DESI-UR / VAST

Void Analysis Software Toolkit
https://vast.readthedocs.io/en/latest/
BSD 3-Clause "New" or "Revised" License
9 stars 8 forks source link

Consider refactoring find_voids() to not include auxiliary functionality #47

Open QuiteAFoxtrot opened 3 years ago

QuiteAFoxtrot commented 3 years ago

find_voids() is the meat and potatoes of VoidFinder, but from a code/API standpoint it is little more than a wrapper around 3-4 other pieces of pipeline code which really can function independently:

find_voids:

Right now, certain important parameters like the minimum radius required to be a maximal sphere, which is used in combine_holes, are not available in the main call to find_voids() because they're default parameters in their respective sub-functions (like combine_holes). Theoretically we could fix this issue simply by making find_voids() become a sort of giant master interface to its sub-pieces, but this might not be the best design for sustainable maintenance on this project.

Additionally, there is really no reason for the VAST/VoidFinder package itself to include the disk I/O code within find_voids() (saving results to disk), especially as its currently just using an Astropy function.
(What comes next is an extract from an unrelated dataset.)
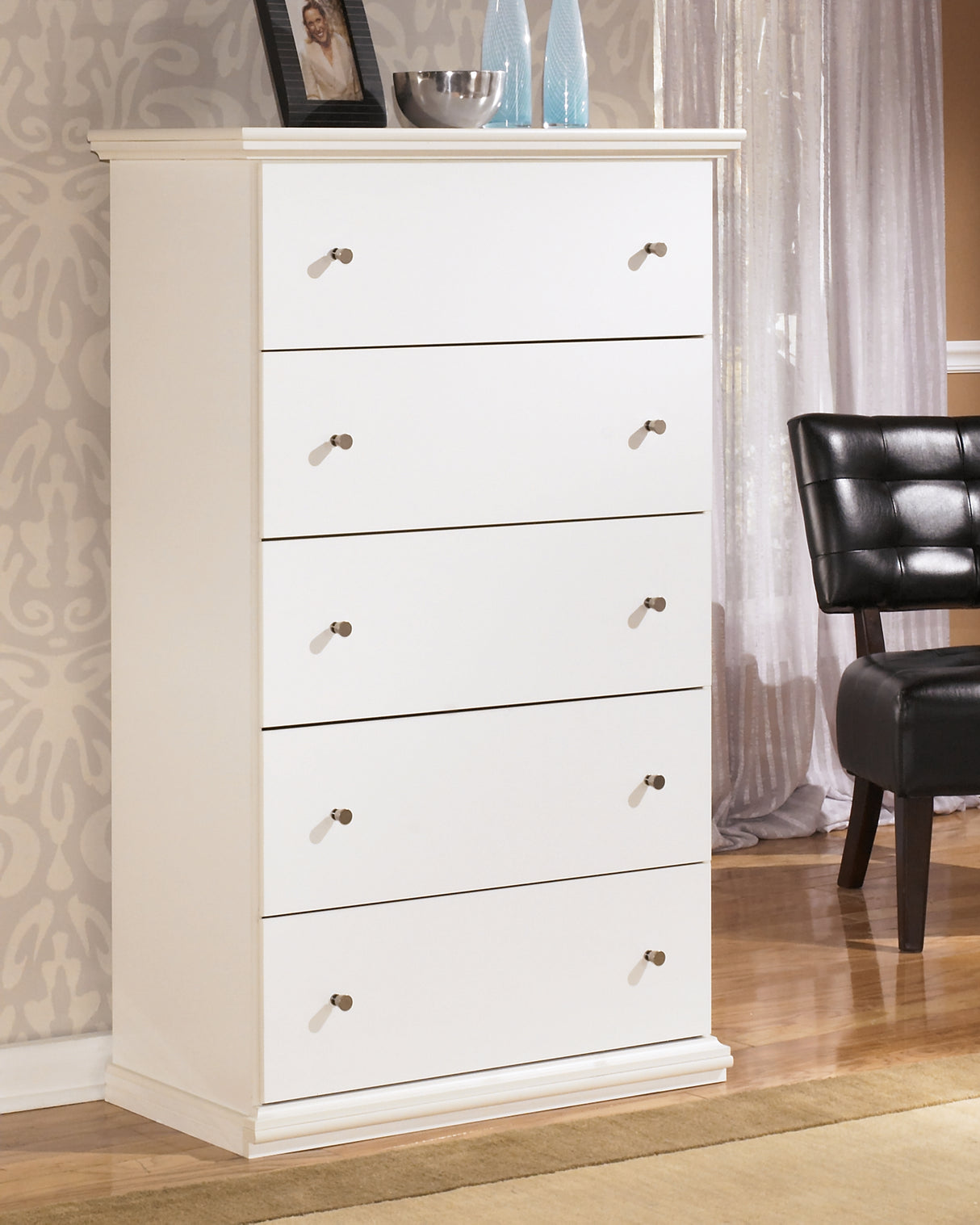 Bostwick Shoals Full Panel Bed with Mirrored Dresser and 2 Nightstands in White - PKG002774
This choice has really just been for convenience and not necessarily an intentional design paradigm, and there are lots of convenient alternatives to the astropy I/O like numpy.savetxt() or using an HDF5 file, or even pickle if a potential user might desire.

This issue is probably my own fault for not recognizing these pieces in an earlier iteration, but as we move to get published in JOSS or have folks external to UofR/Drexel using this software its probably best that we try and move towards common practice and away from being coupled with old decisions from when this package was coupled with its working scripts.

The proposed fix to this would be to move most of the code in find_voids() into the working scripts (like SDSS_DR7_VoidFinder.py) so that the find_voids() API doesn't continue to grow and the sub-pieces like combine_holes() which contain important parameters are exposed as top-level functions to potential users.

Theoretically if we continue down this line of thought and revamp the whole package we may be able to drop almost every dependency except Numpy, which would be quite nice though that is probably a separate issue beyond the scope of this one. Looks like the setup.py requires only Cython and Numpy anyway, which is really nice

kadglass commented 3 years ago

Commenting on the file I/O in find_voids: yes, I think that it would be good to pull this out (so that it would be in the main example script). In this case, find_voids should return the list of maximal spheres and the list of holes.

QuiteAFoxtrot commented 3 years ago

Alternately, kadglass and I discussed including all the auxiliary functionality (except I/O) into a new interface to represent VoidFinder algorithmically as a discrete class or function - while vast.voidfinder contains all the pieces of VoidFinder, it may be worth having a single entry point that represents the collection of scientifically necessary pieces to use the algorithm as described in the literature (this is still possible today just isn't neatly wrapped with a bow on top). This would essentially be the giant master interface I described above, though if it has a well understood or scientifically relevant purpose I would support maintaining that despite the somewhat clunky code design.

If we go this route we need to ensure in the docs, that both the intended master interface is documented well and the important sub functions (hole_finder, combine_holes, etc) are described as top-level utilities with clear APIs.